When we were making Mo Mhórchoir Féin for the RTÉ Dance on the Box series, there was some question about how my near nakedness in a church would be received. It was suggested that I wear something else, maybe even a flesh-coloured body suit. Those options made no sense to me since the vulnerability of the naked body was important to the impact of the work, as was its implied sexuality. More importantly, the near-naked body of the male dancer in the church has a central and overwhelmingly authoritative precedent in the space already – the figure on the cross. So in that case, the unclothed body was a necessity. It wouldn’t make sense otherwise.
3. Can you relate nudity to your overall artist vision for Cure?
The physical nakedness in parts of Cure might be related to a willingness to be bare, to be open, to show things as they are rather than hide. I think the choreographers who’ve contributed to the making of Cure all have that impulse to honesty and openness that makes them great performers and artists and they’ve each found ways to reveal and lay bare what they think matters about cure. And in some instances, that laying bare is literal, not because they required it of me, but that their idea was best expressed by being naked.
4. How does it feel different performing nude than clothed?
If the choice is right – the right clothes, the right nakedness – then it’s not where my attention is in the performance. If the clothes or nakedness make me self-conscious then they’re the wrong choice. I performed the solo from Cosán Dearg in the middle of a busy art gallery in Beijing with lots of people taking photos on their mobile phones but the nakedness for the solo was right and so I didn’t feel exposed or vulnerable in that was potentially a weird situation.
5. How soon in your creative process to you think about costume?
The sooner the clothes are integrated the better. (Though I’m not as organised as Raimund Hoghe whom I heard has the dancers costumed before starting rehearsals and I can see how that makes sense) How we move is altered by the textures on our body, the tightness or freedom of a cut, or by the sensitivity of exposed skin. It doesn’t make sense to practise and practise movement material and not practise as sensitively the way that clothing or nakedness impacts on that movement. It’s not that it’s always about selecting clothes that are free: maybe one wants a particular restriction.

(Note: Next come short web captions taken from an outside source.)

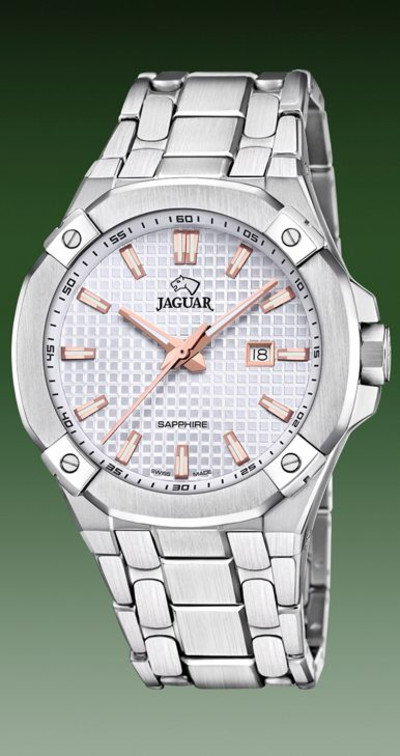 Jaguar - Herenhorloge staal - J1009/1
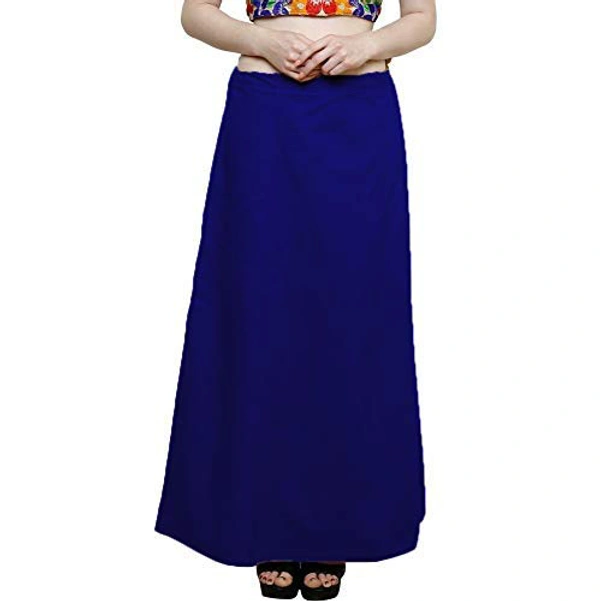 IGNOTO Readymade Saree Shapewear Petticoat for Women, Cotton Blended Shape Wear Dress for Saree (FREE SIZE)  - Navy Blue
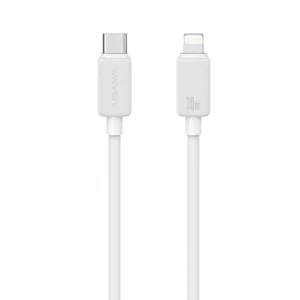 Kabel, USB-C till Lightning, 30W, 3m - Vit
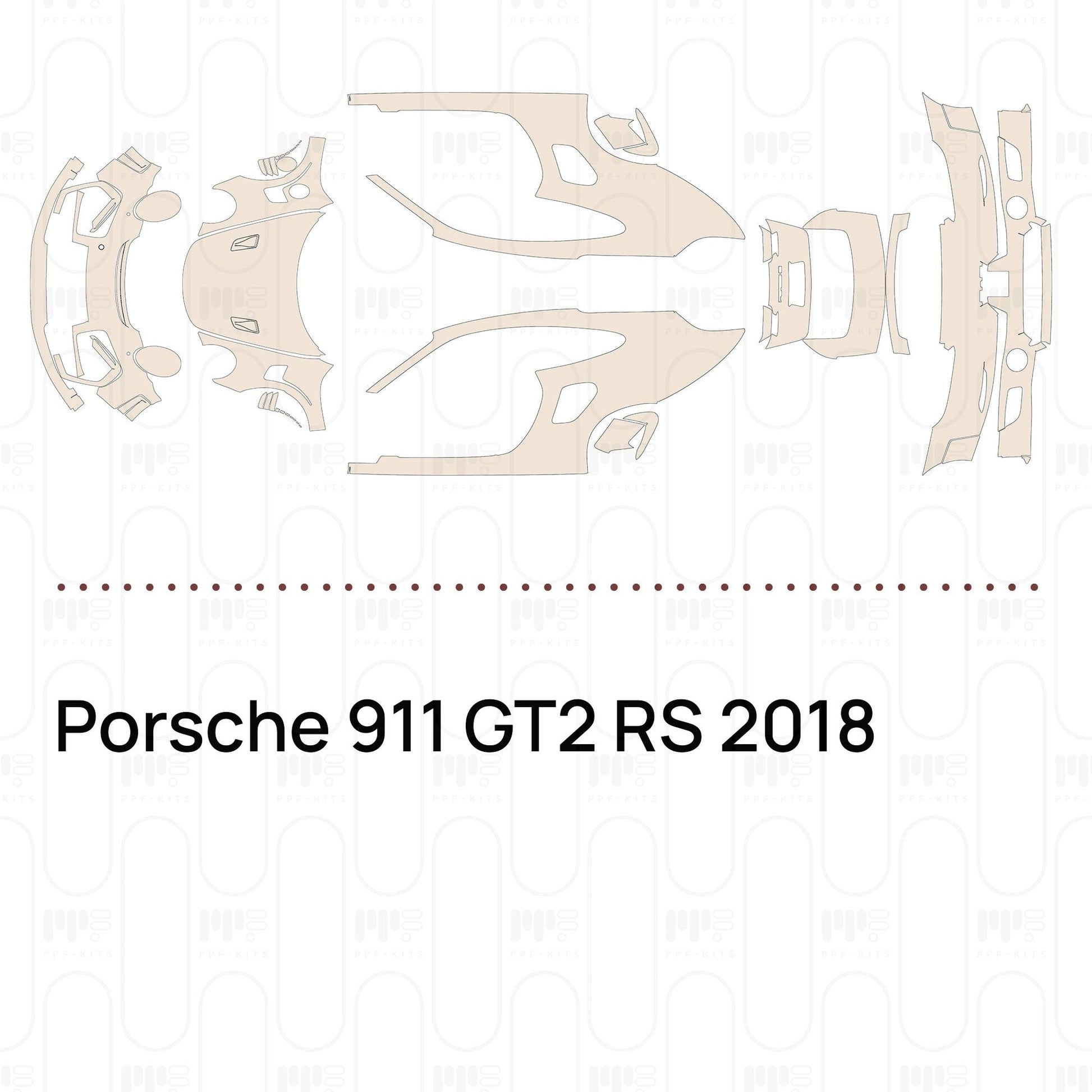 Pre-CutPPFPorsche911GT2RS2018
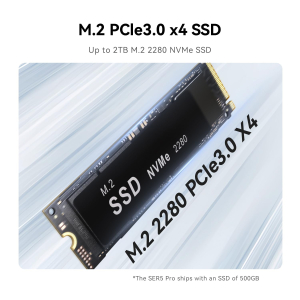 Beelink SER5 Mini PC, Ryzen 5 5500U(6C/12T up to 4,0Ghz), AMD Mini Computer 16GB DDR4 500GB M.2 NVMe SSD, 4K Triple Display, HDMI/DP/Type-C, 2.5G LAN,WiFi6, BT5.2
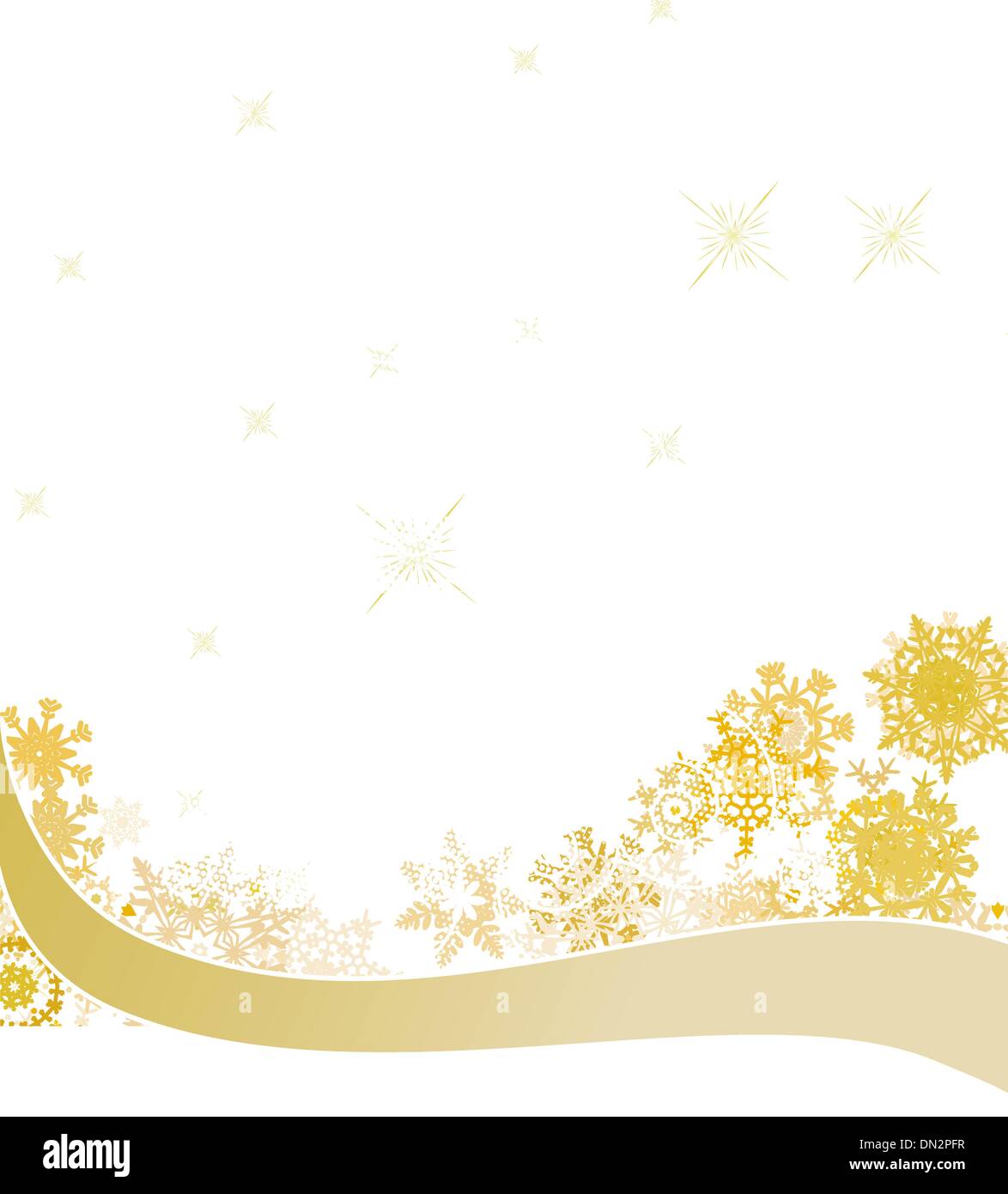 Scheda di Natale con golden incandescente. + EPS8 Illustrazione Vettoriale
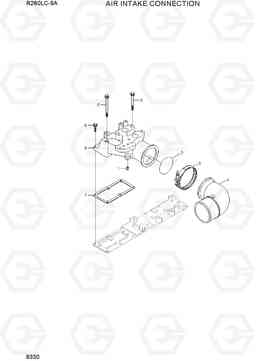 9330 AIR INTAKE CONNECTION R260LC-9A, Hyundai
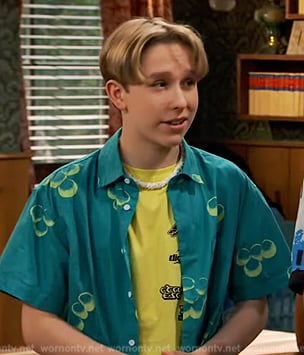 Jake’s green bubble print shirt on Bunkd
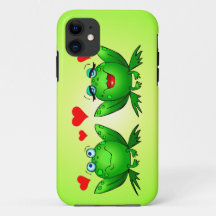 Capinha de iPhone dos Sapos Apaixonados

In Cure, I wear shoes for some parts and that changes my relationship with the floor. It makes some movements easier because the shoe protects my feet but it changes others, like turns. But if executing a perfect turn was the objective then we’d make a different costume choice. For Cure, that’s not the objective! So no last minute trips to Penney’s – the clothes will be as familiar and worn in as the movement.